The ministry of finance (MOF) has assured additional support of Rs 5,000 crore for the non-banking finance companies In a letter to finance industries development council, the representative body for the NBFCs ministry of finance has said the Stressed Assets Stabilisation Fund of Industrial Development Bank of India which would function as a special purpose vehicle (SPV) would issue government guaranteed securities as per requirement, subject to a total amount of securities outstanding not exceeding Rs 20,000 crore with an additional Rs 5,000 crore, if needed.

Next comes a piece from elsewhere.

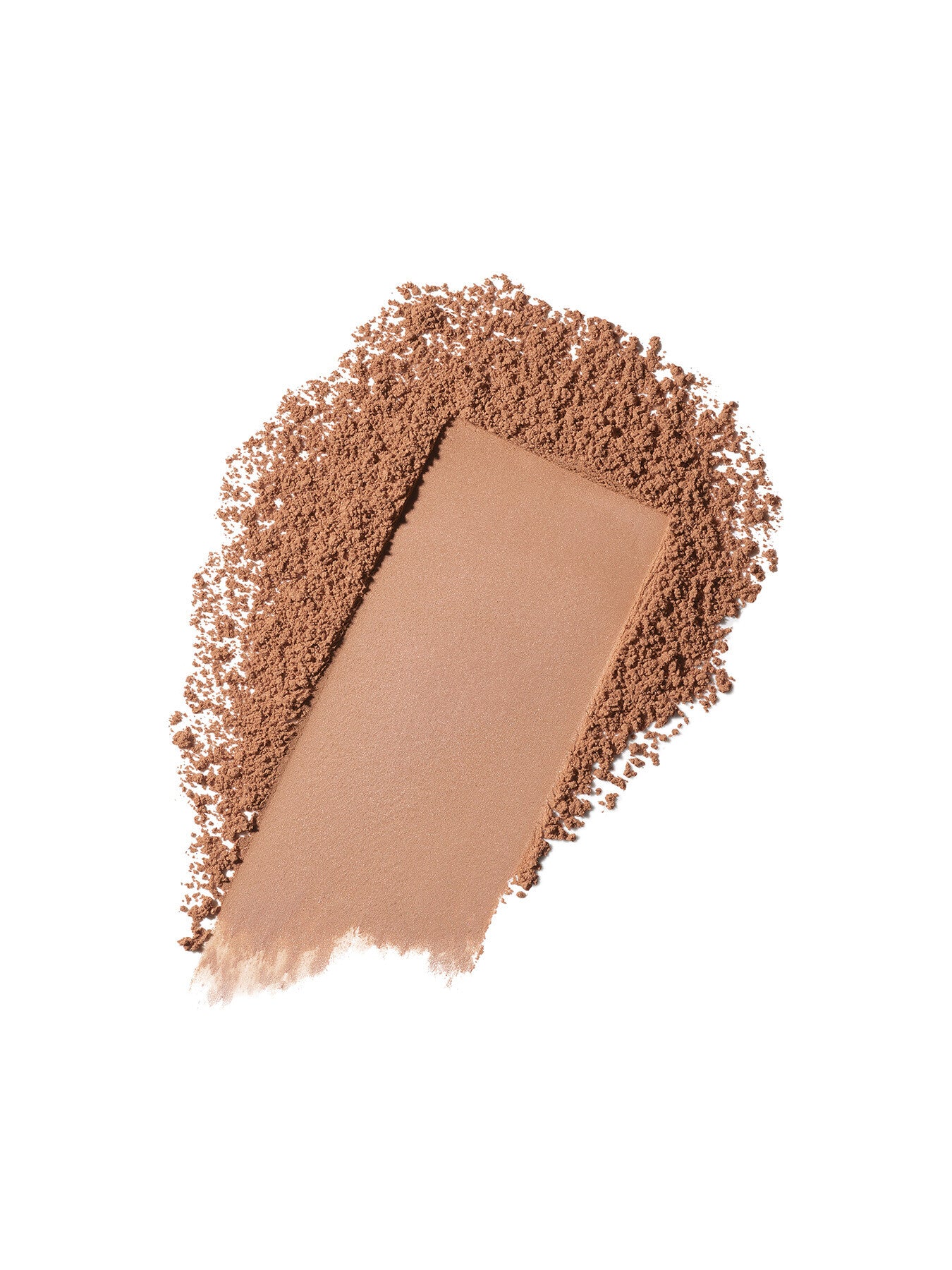 Studio Fix Pro Set + Blur Weightless Loose Powder - Image 20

These securities would be purchased by the Reserve Bank of India and funds would be used by the SPV to acquire only investment grade commercial papers (CPs) and non-convertible debentures of NBFCs.

The government of India has issued guidelines for pricing and operation of the scheme to the SASF Trust in consultation with the Reserve Bank of India. The funds will be used by NBFCs for meeting adverse asset liability mismatches and not for supporting business growth or asset expansion.

In another important development at this meeting, Amitabh Verma, joint secretary, min of finance is reported to have told the FIDC representatives that the other long pending requirements of NBFCs, such as lower risk weightage for less risky asset classes, proper legal frame work for recovery and parity in tax matters would also receive favourable consideration, so as to enable NBFCs to play a more meaningful role in last mile credit delivery.

?The SPV scheme that has come up has not shown an overwhelming response. Liquidity problems still persist. The SPV scheme is slightly costlier to access. We are able to avail the funds at a much cheaper rate. The whole problem is the liquidity constraint in the long term, however, short term liquidity constraints are slightly minimised by the opening up of such windows,? noted V Ravi, chief financial officer with Mahindra Finance Ltd.

At a meeting between FIDC, Indian Banks Association (IBA), public sector banks, ministry of finance and government of India held in Delhi, during the second week of February, leading public sector banks reaffirmed their commitment to fund NBFCs which do asset financing .

This was following the meeting held in January relating to the funding for NBFCs involved in financing commercial vehicles, in the wake of the second stimulus package announced by the Government of India.

TS Narayanaswamy, chairman, IBA and CMD, Bank of India assured the FIDC representatives that the banking sector was not averse to funding NBFCs and would reach out even more to the asset financing NBFCs.

Similar sentiments were echoed by OP Bhatt, chairman, State Bank of India, Mallya,chairman and managing director of Bank of Baroda, MV Nair, chairman and managing director of Union Bank of India and Mahajan, chairman and managing director of Canara Bank, who were present at the meeting.

A banking analyst said the government stimulus package has provided some liquidity to the non-banking finance companies and currently there is also an increase in inquiries for some of the securities from public sector banks.